### EXERCISE INPUTS

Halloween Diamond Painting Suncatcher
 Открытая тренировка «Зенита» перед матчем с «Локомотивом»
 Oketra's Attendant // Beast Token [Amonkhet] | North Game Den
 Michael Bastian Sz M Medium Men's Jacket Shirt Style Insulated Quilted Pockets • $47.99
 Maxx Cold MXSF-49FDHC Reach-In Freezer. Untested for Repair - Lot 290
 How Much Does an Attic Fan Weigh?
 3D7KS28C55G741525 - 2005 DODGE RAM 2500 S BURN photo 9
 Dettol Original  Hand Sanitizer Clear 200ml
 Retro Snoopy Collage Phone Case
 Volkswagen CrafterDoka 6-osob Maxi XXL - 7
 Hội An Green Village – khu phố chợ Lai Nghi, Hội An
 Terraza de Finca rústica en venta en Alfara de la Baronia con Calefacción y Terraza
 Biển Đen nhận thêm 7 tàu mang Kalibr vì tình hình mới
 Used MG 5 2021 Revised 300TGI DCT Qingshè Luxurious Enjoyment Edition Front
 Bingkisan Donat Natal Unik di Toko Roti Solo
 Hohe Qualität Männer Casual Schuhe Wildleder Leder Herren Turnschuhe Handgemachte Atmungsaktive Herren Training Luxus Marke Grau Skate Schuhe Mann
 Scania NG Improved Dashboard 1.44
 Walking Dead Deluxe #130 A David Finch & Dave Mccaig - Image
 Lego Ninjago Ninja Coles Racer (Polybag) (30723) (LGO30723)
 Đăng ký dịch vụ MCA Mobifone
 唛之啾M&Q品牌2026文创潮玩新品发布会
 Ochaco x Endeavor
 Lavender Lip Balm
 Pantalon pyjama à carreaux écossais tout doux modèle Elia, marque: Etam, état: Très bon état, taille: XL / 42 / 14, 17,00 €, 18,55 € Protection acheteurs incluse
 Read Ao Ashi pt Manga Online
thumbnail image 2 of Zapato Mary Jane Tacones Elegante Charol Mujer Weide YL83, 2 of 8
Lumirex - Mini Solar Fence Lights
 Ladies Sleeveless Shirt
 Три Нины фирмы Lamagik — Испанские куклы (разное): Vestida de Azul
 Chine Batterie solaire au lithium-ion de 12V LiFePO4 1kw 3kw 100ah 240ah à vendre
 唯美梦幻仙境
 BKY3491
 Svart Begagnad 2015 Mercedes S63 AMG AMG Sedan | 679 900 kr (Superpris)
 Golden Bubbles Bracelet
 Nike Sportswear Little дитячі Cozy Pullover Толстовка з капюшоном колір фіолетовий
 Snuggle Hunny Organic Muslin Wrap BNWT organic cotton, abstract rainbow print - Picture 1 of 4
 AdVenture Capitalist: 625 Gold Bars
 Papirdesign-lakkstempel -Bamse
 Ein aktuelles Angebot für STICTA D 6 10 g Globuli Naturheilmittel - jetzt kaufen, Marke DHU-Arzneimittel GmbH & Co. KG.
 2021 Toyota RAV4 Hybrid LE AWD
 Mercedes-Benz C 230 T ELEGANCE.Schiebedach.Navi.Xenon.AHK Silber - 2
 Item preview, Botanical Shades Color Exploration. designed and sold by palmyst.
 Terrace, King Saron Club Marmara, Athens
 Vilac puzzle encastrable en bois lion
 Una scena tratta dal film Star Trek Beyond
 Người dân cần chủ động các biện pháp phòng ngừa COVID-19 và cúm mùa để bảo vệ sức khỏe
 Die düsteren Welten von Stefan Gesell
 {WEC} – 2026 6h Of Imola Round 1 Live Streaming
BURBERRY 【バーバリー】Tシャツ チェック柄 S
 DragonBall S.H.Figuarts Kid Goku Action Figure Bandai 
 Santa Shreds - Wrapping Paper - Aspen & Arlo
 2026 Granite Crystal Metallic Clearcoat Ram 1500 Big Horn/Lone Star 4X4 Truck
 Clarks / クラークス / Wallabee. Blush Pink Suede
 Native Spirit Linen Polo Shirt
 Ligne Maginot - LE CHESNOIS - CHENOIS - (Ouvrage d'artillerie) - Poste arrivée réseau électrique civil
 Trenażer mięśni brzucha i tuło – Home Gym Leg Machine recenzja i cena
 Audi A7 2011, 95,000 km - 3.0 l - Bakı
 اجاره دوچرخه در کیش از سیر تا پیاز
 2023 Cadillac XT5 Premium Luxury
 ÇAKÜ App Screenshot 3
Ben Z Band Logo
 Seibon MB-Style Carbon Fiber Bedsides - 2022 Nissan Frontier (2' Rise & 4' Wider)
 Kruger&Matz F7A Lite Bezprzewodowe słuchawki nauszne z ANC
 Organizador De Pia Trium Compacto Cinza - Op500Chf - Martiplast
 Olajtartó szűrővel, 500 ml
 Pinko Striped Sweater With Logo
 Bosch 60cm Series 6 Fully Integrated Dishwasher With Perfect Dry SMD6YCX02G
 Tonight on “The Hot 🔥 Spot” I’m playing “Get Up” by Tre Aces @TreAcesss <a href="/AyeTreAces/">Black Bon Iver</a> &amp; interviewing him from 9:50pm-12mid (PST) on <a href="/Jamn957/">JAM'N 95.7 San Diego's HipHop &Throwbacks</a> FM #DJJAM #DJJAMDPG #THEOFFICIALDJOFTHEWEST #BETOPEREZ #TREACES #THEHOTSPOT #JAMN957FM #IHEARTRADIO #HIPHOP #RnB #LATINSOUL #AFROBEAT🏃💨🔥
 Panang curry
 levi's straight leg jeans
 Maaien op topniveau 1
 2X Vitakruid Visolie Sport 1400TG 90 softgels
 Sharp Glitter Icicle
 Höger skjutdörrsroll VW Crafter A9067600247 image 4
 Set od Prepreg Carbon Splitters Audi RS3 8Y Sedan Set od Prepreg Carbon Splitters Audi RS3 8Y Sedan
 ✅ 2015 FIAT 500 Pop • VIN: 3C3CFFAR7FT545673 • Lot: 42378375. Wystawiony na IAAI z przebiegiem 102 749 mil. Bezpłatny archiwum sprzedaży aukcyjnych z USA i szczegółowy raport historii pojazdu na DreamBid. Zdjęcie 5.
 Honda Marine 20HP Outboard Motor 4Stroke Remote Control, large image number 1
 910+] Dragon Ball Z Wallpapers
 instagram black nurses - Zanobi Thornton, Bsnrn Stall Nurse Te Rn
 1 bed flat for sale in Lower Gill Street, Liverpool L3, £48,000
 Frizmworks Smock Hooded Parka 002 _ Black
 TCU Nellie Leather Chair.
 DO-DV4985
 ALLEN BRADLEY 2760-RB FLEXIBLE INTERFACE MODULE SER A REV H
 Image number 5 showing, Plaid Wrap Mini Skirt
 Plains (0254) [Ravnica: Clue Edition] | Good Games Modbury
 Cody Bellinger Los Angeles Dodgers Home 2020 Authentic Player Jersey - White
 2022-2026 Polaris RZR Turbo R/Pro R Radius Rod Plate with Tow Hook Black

### WORK TO COMPLETE
Produce an identical printout of the material above.

### TASK RESULT
Halloween Diamond Painting Suncatcher
 Открытая тренировка «Зенита» перед матчем с «Локомотивом»
 Oketra's Attendant // Beast Token [Amonkhet] | North Game Den
 Michael Bastian Sz M Medium Men's Jacket Shirt Style Insulated Quilted Pockets • $47.99
 Maxx Cold MXSF-49FDHC Reach-In Freezer. Untested for Repair - Lot 290
 How Much Does an Attic Fan Weigh?
 3D7KS28C55G741525 - 2005 DODGE RAM 2500 S BURN photo 9
 Dettol Original  Hand Sanitizer Clear 200ml
 Retro Snoopy Collage Phone Case
 Volkswagen CrafterDoka 6-osob Maxi XXL - 7
 Hội An Green Village – khu phố chợ Lai Nghi, Hội An
 Terraza de Finca rústica en venta en Alfara de la Baronia con Calefacción y Terraza
 Biển Đen nhận thêm 7 tàu mang Kalibr vì tình hình mới
 Used MG 5 2021 Revised 300TGI DCT Qingshè Luxurious Enjoyment Edition Front
 Bingkisan Donat Natal Unik di Toko Roti Solo
 Hohe Qualität Männer Casual Schuhe Wildleder Leder Herren Turnschuhe Handgemachte Atmungsaktive Herren Training Luxus Marke Grau Skate Schuhe Mann
 Scania NG Improved Dashboard 1.44
 Walking Dead Deluxe #130 A David Finch & Dave Mccaig - Image
 Lego Ninjago Ninja Coles Racer (Polybag) (30723) (LGO30723)
 Đăng ký dịch vụ MCA Mobifone
 唛之啾M&Q品牌2026文创潮玩新品发布会
 Ochaco x Endeavor
 Lavender Lip Balm
 Pantalon pyjama à carreaux écossais tout doux modèle Elia, marque: Etam, état: Très bon état, taille: XL / 42 / 14, 17,00 €, 18,55 € Protection acheteurs incluse
 Read Ao Ashi pt Manga Online
thumbnail image 2 of Zapato Mary Jane Tacones Elegante Charol Mujer Weide YL83, 2 of 8
Lumirex - Mini Solar Fence Lights
 Ladies Sleeveless Shirt
 Три Нины фирмы Lamagik — Испанские куклы (разное): Vestida de Azul
 Chine Batterie solaire au lithium-ion de 12V LiFePO4 1kw 3kw 100ah 240ah à vendre
 唯美梦幻仙境
 BKY3491
 Svart Begagnad 2015 Mercedes S63 AMG AMG Sedan | 679 900 kr (Superpris)
 Golden Bubbles Bracelet
 Nike Sportswear Little дитячі Cozy Pullover Толстовка з капюшоном колір фіолетовий
 Snuggle Hunny Organic Muslin Wrap BNWT organic cotton, abstract rainbow print - Picture 1 of 4
 AdVenture Capitalist: 625 Gold Bars
 Papirdesign-lakkstempel -Bamse
 Ein aktuelles Angebot für STICTA D 6 10 g Globuli Naturheilmittel - jetzt kaufen, Marke DHU-Arzneimittel GmbH & Co. KG.
 2021 Toyota RAV4 Hybrid LE AWD
 Mercedes-Benz C 230 T ELEGANCE.Schiebedach.Navi.Xenon.AHK Silber - 2
 Item preview, Botanical Shades Color Exploration. designed and sold by palmyst.
 Terrace, King Saron Club Marmara, Athens
 Vilac puzzle encastrable en bois lion
 Una scena tratta dal film Star Trek Beyond
 Người dân cần chủ động các biện pháp phòng ngừa COVID-19 và cúm mùa để bảo vệ sức khỏe
 Die düsteren Welten von Stefan Gesell
 {WEC} – 2026 6h Of Imola Round 1 Live Streaming
BURBERRY 【バーバリー】Tシャツ チェック柄 S
 DragonBall S.H.Figuarts Kid Goku Action Figure Bandai 
 Santa Shreds - Wrapping Paper - Aspen & Arlo
 2026 Granite Crystal Metallic Clearcoat Ram 1500 Big Horn/Lone Star 4X4 Truck
 Clarks / クラークス / Wallabee. Blush Pink Suede
 Native Spirit Linen Polo Shirt
 Ligne Maginot - LE CHESNOIS - CHENOIS - (Ouvrage d'artillerie) - Poste arrivée réseau électrique civil
 Trenażer mięśni brzucha i tuło – Home Gym Leg Machine recenzja i cena
 Audi A7 2011, 95,000 km - 3.0 l - Bakı
 اجاره دوچرخه در کیش از سیر تا پیاز
 2023 Cadillac XT5 Premium Luxury
 ÇAKÜ App Screenshot 3
Ben Z Band Logo
 Seibon MB-Style Carbon Fiber Bedsides - 2022 Nissan Frontier (2' Rise & 4' Wider)
 Kruger&Matz F7A Lite Bezprzewodowe słuchawki nauszne z ANC
 Organizador De Pia Trium Compacto Cinza - Op500Chf - Martiplast
 Olajtartó szűrővel, 500 ml
 Pinko Striped Sweater With Logo
 Bosch 60cm Series 6 Fully Integrated Dishwasher With Perfect Dry SMD6YCX02G
 Tonight on “The Hot 🔥 Spot” I’m playing “Get Up” by Tre Aces @TreAcesss <a href="/AyeTreAces/">Black Bon Iver</a> &amp; interviewing him from 9:50pm-12mid (PST) on <a href="/Jamn957/">JAM'N 95.7 San Diego's HipHop &Throwbacks</a> FM #DJJAM #DJJAMDPG #THEOFFICIALDJOFTHEWEST #BETOPEREZ #TREACES #THEHOTSPOT #JAMN957FM #IHEARTRADIO #HIPHOP #RnB #LATINSOUL #AFROBEAT🏃💨🔥
 Panang curry
 levi's straight leg jeans
 Maaien op topniveau 1
 2X Vitakruid Visolie Sport 1400TG 90 softgels
 Sharp Glitter Icicle
 Höger skjutdörrsroll VW Crafter A9067600247 image 4
 Set od Prepreg Carbon Splitters Audi RS3 8Y Sedan Set od Prepreg Carbon Splitters Audi RS3 8Y Sedan
 ✅ 2015 FIAT 500 Pop • VIN: 3C3CFFAR7FT545673 • Lot: 42378375. Wystawiony na IAAI z przebiegiem 102 749 mil. Bezpłatny archiwum sprzedaży aukcyjnych z USA i szczegółowy raport historii pojazdu na DreamBid. Zdjęcie 5.
 Honda Marine 20HP Outboard Motor 4Stroke Remote Control, large image number 1
 910+] Dragon Ball Z Wallpapers
 instagram black nurses - Zanobi Thornton, Bsnrn Stall Nurse Te Rn
 1 bed flat for sale in Lower Gill Street, Liverpool L3, £48,000
 Frizmworks Smock Hooded Parka 002 _ Black
 TCU Nellie Leather Chair.
 DO-DV4985
 ALLEN BRADLEY 2760-RB FLEXIBLE INTERFACE MODULE SER A REV H
 Image number 5 showing, Plaid Wrap Mini Skirt
 Plains (0254) [Ravnica: Clue Edition] | Good Games Modbury
 Cody Bellinger Los Angeles Dodgers Home 2020 Authentic Player Jersey - White
 2022-2026 Polaris RZR Turbo R/Pro R Radius Rod Plate with Tow Hook Black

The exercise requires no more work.